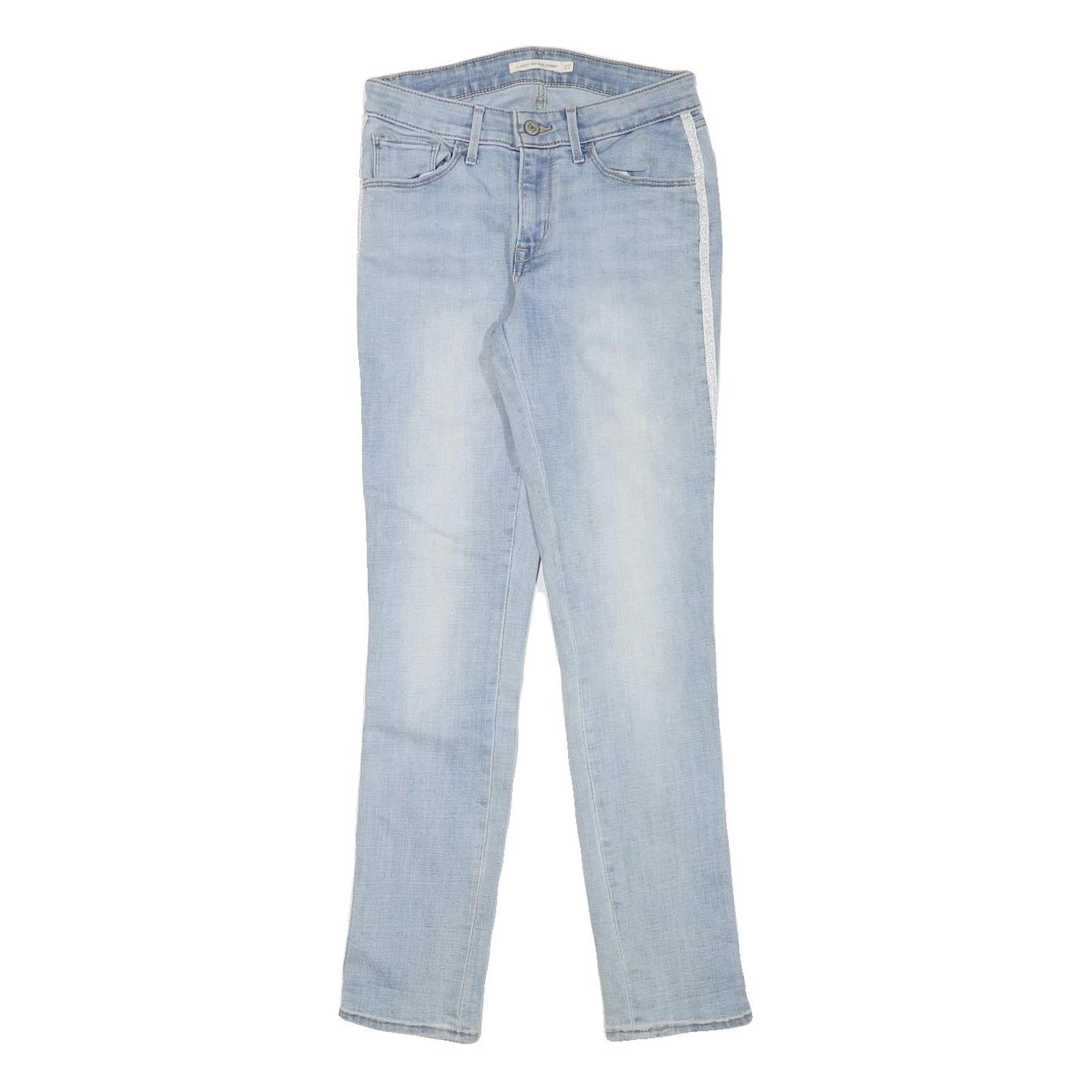 LEVI'S Womens Blue Slim Skinny Denim Light W27 L29 Side Stripe Cotton Blend Zip Refurbished - N/A refurbished available on Cerqular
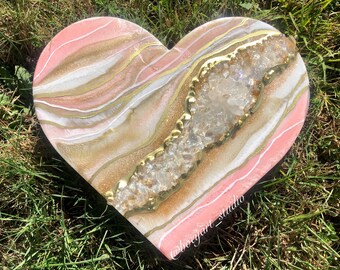 Geode Crystal Wall Art, Crystal Heart, Home Decor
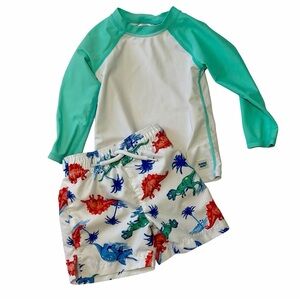 Green and White Dinosaur Kids Rashguard Set
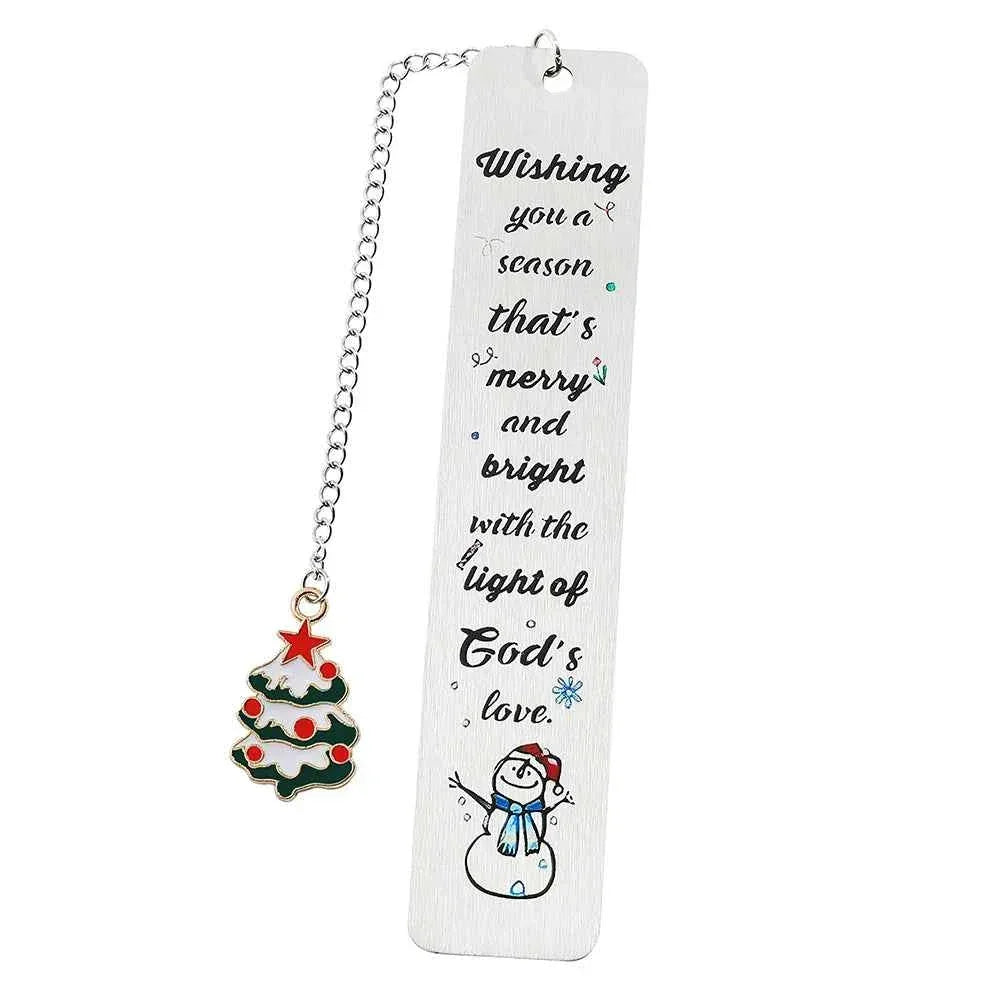 A stainless steel pendant bookmark about Christmas, the warmest Christmas reading gift for loved ones on Christmas Eve. metal Bokkmark by DSERS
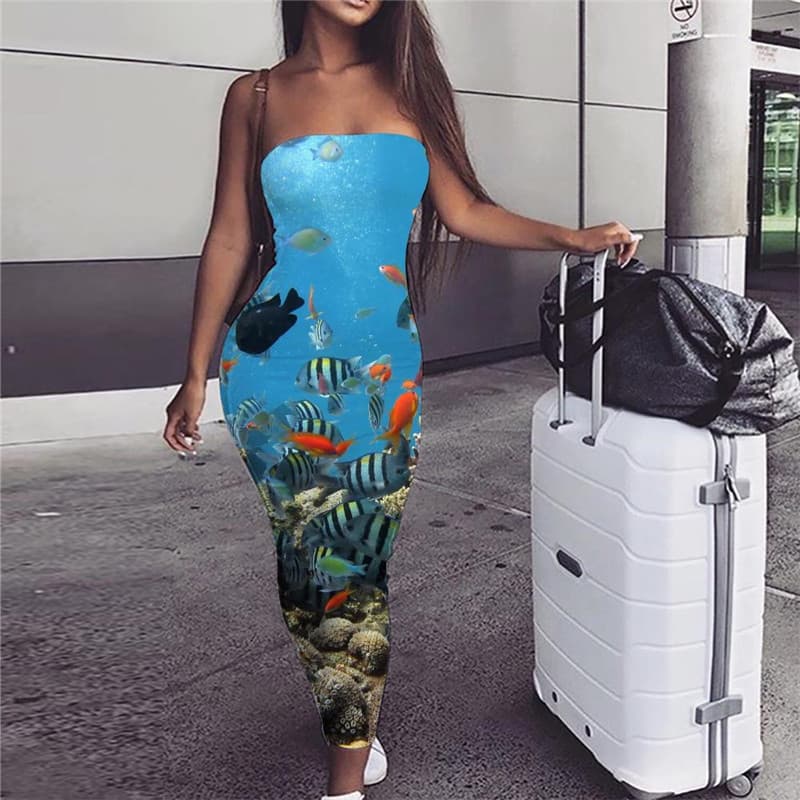 Fish Dress Women Tropical Bodycon Dress Ocean Vestido Sexy Carp Party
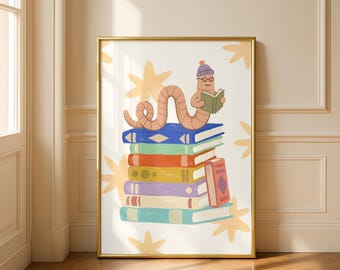 Bücherstapel „Lesender Wurm“ als Kunstdruck, verspielte literarische Kinderzimmerdekoration (Digitaler Download)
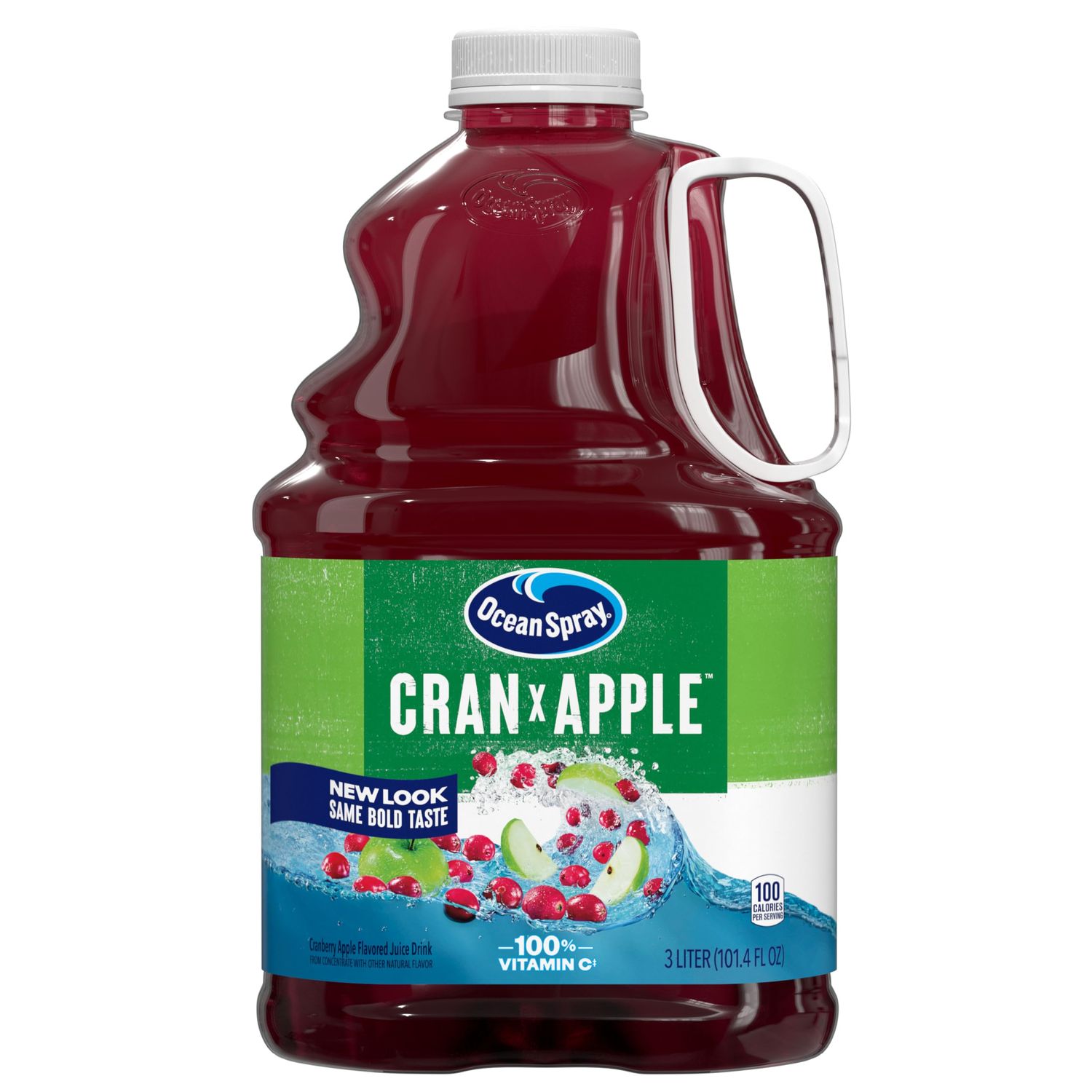 Ocean Spray Cran-Apple Cranberry Apple Juice Drink, 101.4 Fl Oz Bottle (Pack of 1) Package May Vary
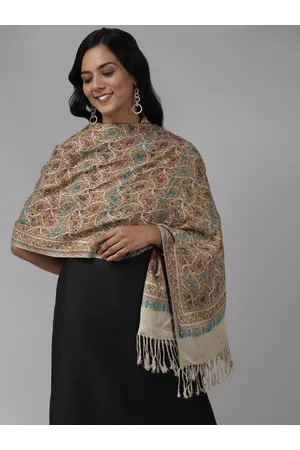 Indo Era Beige Paisley Woven Design Stole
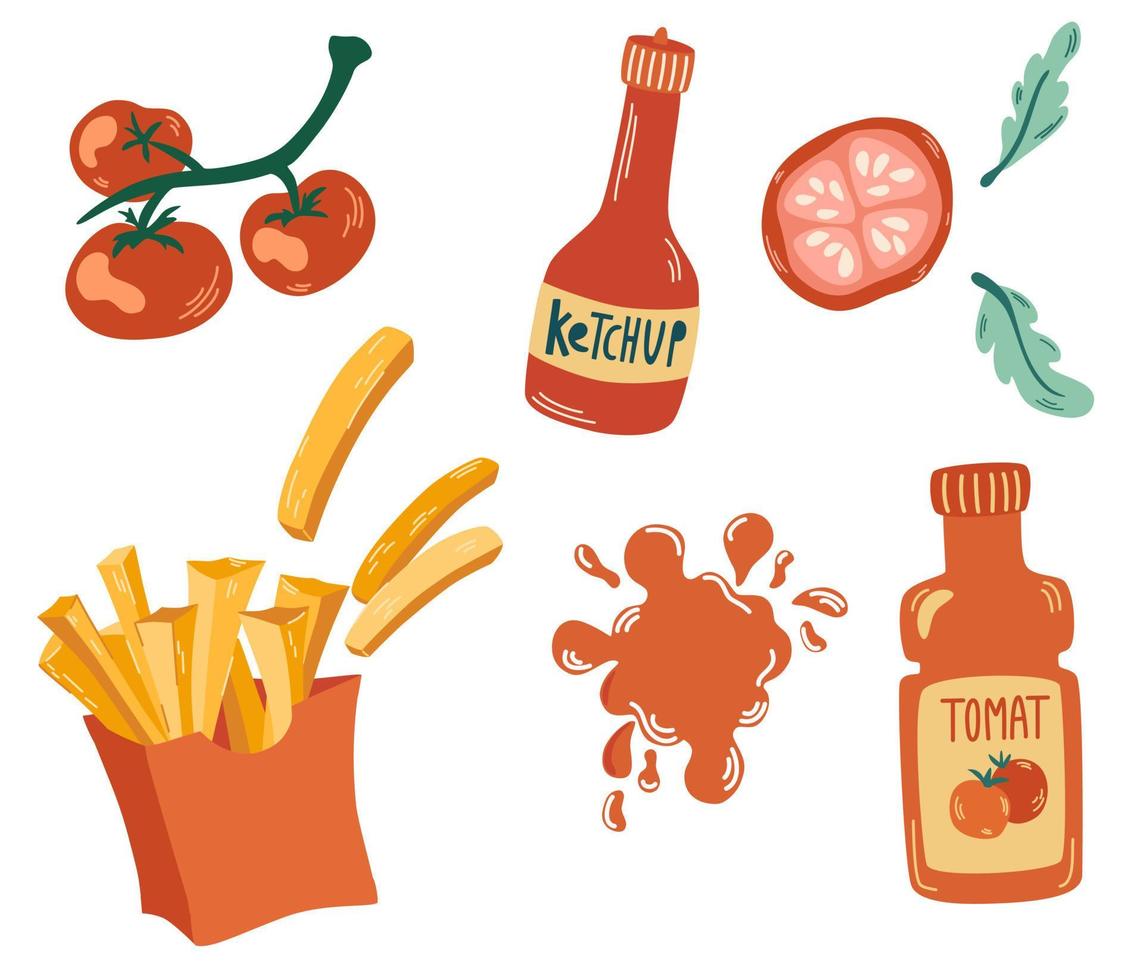 Pommes Frites und Ketchup-Tomatensauce. Fastfood. geröstete Kartoffelchips Kartoffeln, Ketchupfleck, Tomaten. menükarte leckeres fast food, leckeres ungesundes mittagessen. Vektor-Cartoon-Illustration vektor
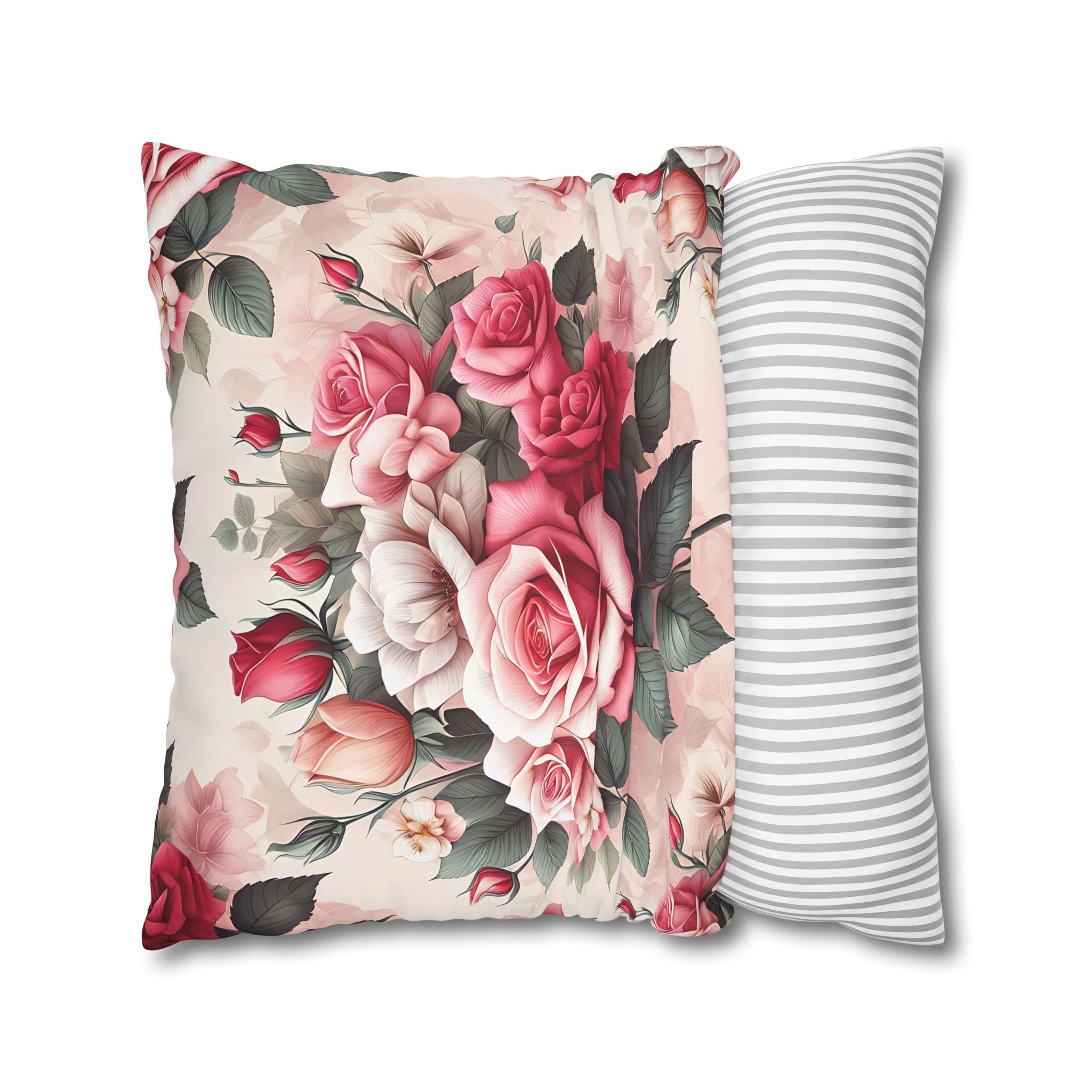 Pink Rose Pillowcase - Romantic Floral Design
******************************
**Assignment:**
Your answer must be the lines from the one containing "Green and White Dinosaur Kids Rashguard Set" through the last line of the records, copied exactly, with no pictures.

**Exercise output:**
 Green and White Dinosaur Kids Rashguard Set
 A stainless steel pendant bookmark about Christmas, the warmest Christmas reading gift for loved ones on Christmas Eve. metal Bokkmark by DSERS
 Fish Dress Women Tropical Bodycon Dress Ocean Vestido Sexy Carp Party
 Bücherstapel „Lesender Wurm“ als Kunstdruck, verspielte literarische Kinderzimmerdekoration (Digitaler Download)
 Ocean Spray Cran-Apple Cranberry Apple Juice Drink, 101.4 Fl Oz Bottle (Pack of 1) Package May Vary
 Indo Era Beige Paisley Woven Design Stole
 Pommes Frites und Ketchup-Tomatensauce. Fastfood. geröstete Kartoffelchips Kartoffeln, Ketchupfleck, Tomaten. menükarte leckeres fast food, leckeres ungesundes mittagessen. Vektor-Cartoon-Illustration vektor
 Pink Rose Pillowcase - Romantic Floral Design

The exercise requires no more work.